Les gens me demandent souvent pourquoi j’investis autant de temps dans ces choses. C’est simple : j’aime les nouveaux défis et même les problèmes que je dois résoudre. Le tennis m’a donné la chance de me développer en tant qu’être humain. Ne s’occuper que de son sport, vouloir constamment progresser, c’est bien mais quand on quitte le court, l’idée de faire autre chose est agréable. Au début de ma carrière sportive, j’aimais la mode et le life style mais avec l’âge, je m’intéresse de plus en plus au monde des affaires. J’aime découvrir comment on peut créer un produit à succès, par exemple. C’est une expérience unique pour une personne de 27 ans et cela m’offre des perspectives d’avenir.

Investissements dans l’art

Que feriez-vous si vous aviez plus de loisirs ?

Malheureusement, je suis trop rarement chez moi. Ça peut paraître fou mais je suis plutôt maison. Préparer à manger, faire mon lit, le ménage, parcourir mon courrier… Comme je cours d’un tournoi à l’autre, ça m’est quasiment impossible. Quand je suis malgré tout chez moi, je profite de ma collection d’art.

Que collectionnez-vous ?

L’art moderne, surtout des peintures de jeunes artistes américains dans lesquels j’investis.
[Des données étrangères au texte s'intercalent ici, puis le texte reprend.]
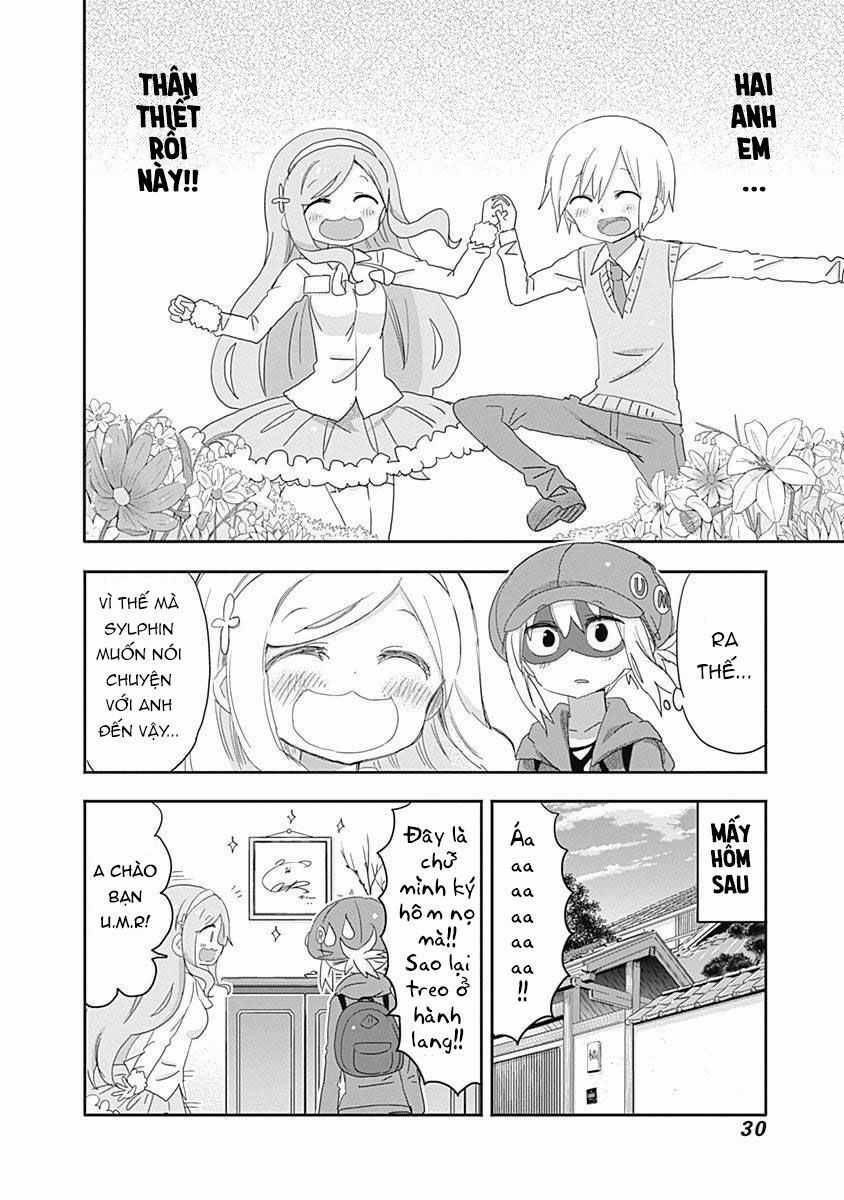 Himouto! Umaru-Chan Chapter 202 trang 10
Pas pour gagner de l’argent plus tard mais je suis heureuse de contempler certaines oeuvres. Ça me met de bonne humeur. L’art moderne est souvent excentrique et je dois donc me demander quel est le message du tableau. J’ai acheté chaque peinture à un moment particulier de ma carrière pour qu’il y ait en elle quelque chose de moi-même.

Qu’est-ce qui compte pour vous : les couleurs ou les formes ?

La technique et les couleurs. Il suffit d’entrer dans une galerie d’art pour remarquer à quel point les goûts peuvent différer. Pour une toile que j’aime, dix la détestent.

La WTA veut bannir les ahanements excessifs des courts, depuis l’année dernière. À juste titre ?

Je ne pense pas qu’excessif soit le terme adéquat. Les coaches peuvent apprendre à leurs joueurs des techniques de respiration spéciales à un âge très tendre mais quand j’ai effectué mes débuts, personne ne s’y intéressait. J’ai été formée comme ça et il m’est pratiquement impossible d’arrêter du jour au lendemain. C’est comme si demain, je devais effectuer un coup droit avec une autre poignée. Ceci dit, pour les jeunes joueuses qui débutent, imposer une certaine limite sonore n’est pas une mauvaise idée.

Quels sont vos projets à court terme ? Des grands chelems, l’élite absolue, une médaille olympique en 2016 ?

Quand on a gagné quatre grands chelems, on ne manque pas de grands objectifs. Une médaille olympique serait spéciale car jouer pour la médaille d’or à Londres a été une expérience unique.

Mais vous avez été battue 6-0, 6-1 par Serena Williams. La fin n’a pas été heureuse…

Hélas non, mais je suis quand même fière d’avoir gagné la médaille d’argent dès mes premiers Jeux. Dans deux ans, j’aurai une nouvelle chance.